(Reuters) - Le borse asiatiche sono ai minimi da tre anni oggi, in scia al tonfo dell'azionario cinese che perde oltre il 7%, con gli investitori che si affrettano a liberarsi degli asset rischiosi su mercati intimoriti da un rallentamento globale guidato dalla Cina.
Rally dei titoli di Stato e dello yen nell'instabilità dei mercati finanziari, innescata quasi due settimane fa dalla svalutazione dello yuan che ha generato timori sullo stato dell'economia cinese.
"I mercati sono nel panico. Inizia a sembrare come la crisi finanziaria asiatica di fine anni Novanta. Gli speculatori stanno vendendo asset che sembrano i più vulnerabili", spiega Takako Masai, a capo delle ricerche di Shinsei Bank a Tokyo.

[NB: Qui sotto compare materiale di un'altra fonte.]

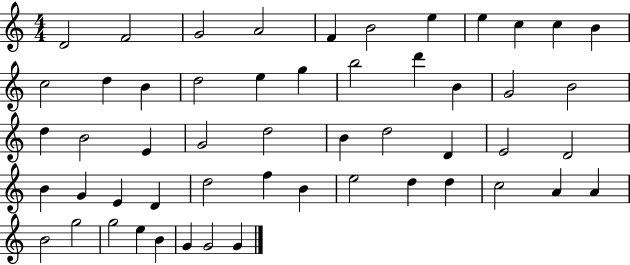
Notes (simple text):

D4/h F4/h G4/h A4/h F4/q B4/h E5/q E5/q C5/q C5/q B4/q C5/h D5/q B4/q D5/h E5/q G5/q B5/h D6/q B4/q G4/h B4/h D5/q B4/h E4/q G4/h D5/h B4/q D5/h D4/q E4/h D4/h B4/q G4/q E4/q D4/q D5/h F5/q B4/q E5/h D5/q D5/q C5/h A4/q A4/q B4/h G5/h G5/h E5/q B4/q G4/q G4/h G4/q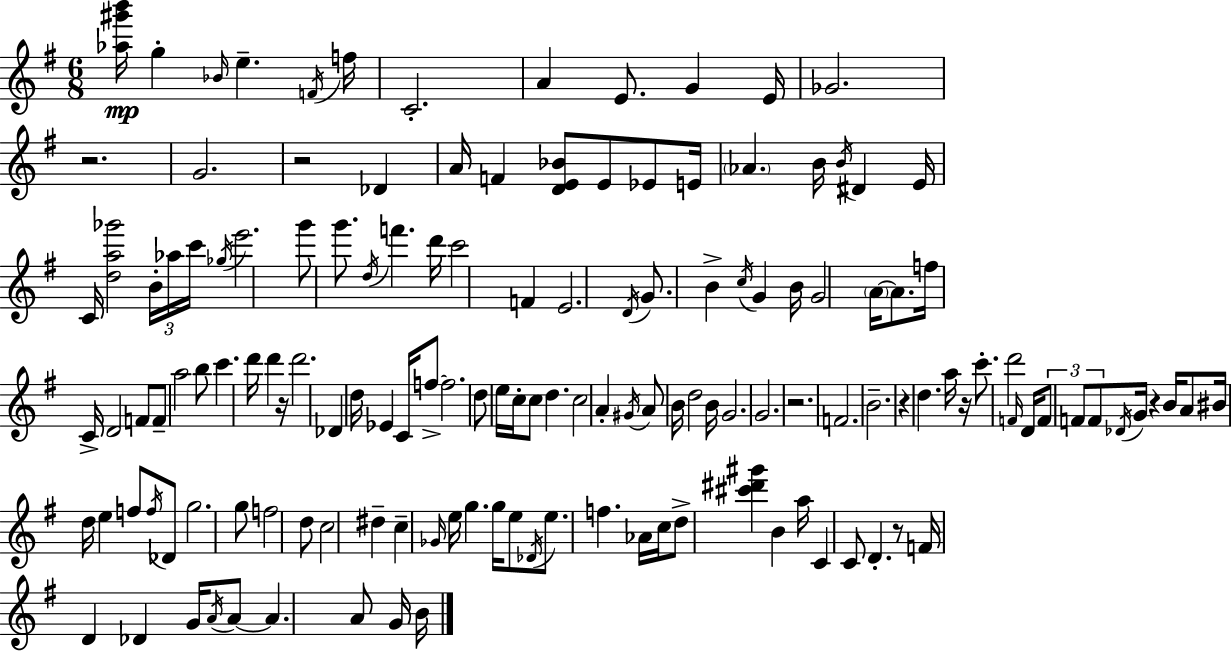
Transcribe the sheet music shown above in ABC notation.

X:1
T:Untitled
M:6/8
L:1/4
K:G
[_a^g'b']/4 g _B/4 e F/4 f/4 C2 A E/2 G E/4 _G2 z2 G2 z2 _D A/4 F [DE_B]/2 E/2 _E/2 E/4 _A B/4 B/4 ^D E/4 C/4 [da_g']2 B/4 _a/4 c'/4 _g/4 e'2 g'/2 g'/2 d/4 f' d'/4 c'2 F E2 D/4 G/2 B c/4 G B/4 G2 A/4 A/2 f/4 C/4 D2 F/2 F/2 a2 b/2 c' d'/4 d' z/4 d'2 _D d/4 _E C/4 f/2 f2 d/2 e/4 c/4 c/2 d c2 A ^G/4 A/2 B/4 d2 B/4 G2 G2 z2 F2 B2 z d a/4 z/4 c'/2 d'2 F/4 D/4 F/2 F/2 F/2 _D/4 G/4 z B/4 A/2 ^B/4 d/4 e f/2 f/4 _D/2 g2 g/2 f2 d/2 c2 ^d c _G/4 e/4 g g/4 e/2 _D/4 e/2 f _A/4 c/4 d/2 [^c'^d'^g'] B a/4 C C/2 D z/2 F/4 D _D G/4 A/4 A/2 A A/2 G/4 B/4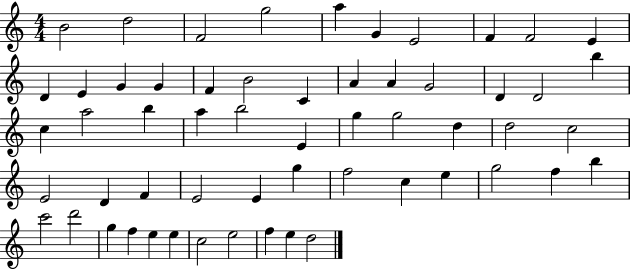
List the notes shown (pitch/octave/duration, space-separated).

B4/h D5/h F4/h G5/h A5/q G4/q E4/h F4/q F4/h E4/q D4/q E4/q G4/q G4/q F4/q B4/h C4/q A4/q A4/q G4/h D4/q D4/h B5/q C5/q A5/h B5/q A5/q B5/h E4/q G5/q G5/h D5/q D5/h C5/h E4/h D4/q F4/q E4/h E4/q G5/q F5/h C5/q E5/q G5/h F5/q B5/q C6/h D6/h G5/q F5/q E5/q E5/q C5/h E5/h F5/q E5/q D5/h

Il rame, considerato un barometro della domanda globale, è crollato ai minimi da sei anni.
L'indice MSCI, che non comprende Tokyo, alle 8,10 cede il 4,76%. L'indice giapponese Nikkei ha chiuso a -4,61%.
"La Cina potrebbe essere costretta a svalutare nuovamente lo yuan se la sua economia dovesse vacillare, e i mercati azionari fronteggiano la prospettiva di uno yuan più debole che amplifica l'impatto negativo di un'economia cinese fiacca", ha commentato Eiji Kinouchi, capo analista tecnico di Daiwa Securities a Tokyo.
A SHANGHAI l'indice composito è arrivato a perdere oltre l'8%, tornando al punto in cui aveva iniziato il 2015. Il calo interessa ogni settore, e le perdite sembrano limitate solo dal meccanismo che impedisce ai singoli titoli di scendere oltre il 10% nell'ambito di una seduta e dal fatto che resta sospesa la contrattazione di un numero consistente di titoli.
Lascia sul terreno più del 4,6% anche HONG KONG. Prada perde il 2,96%.
SEUL ha concluso la seduta a -2,5%, TAIWAN a -4,8%, SYDNEY ha lasciato sul terreno il 3,7%.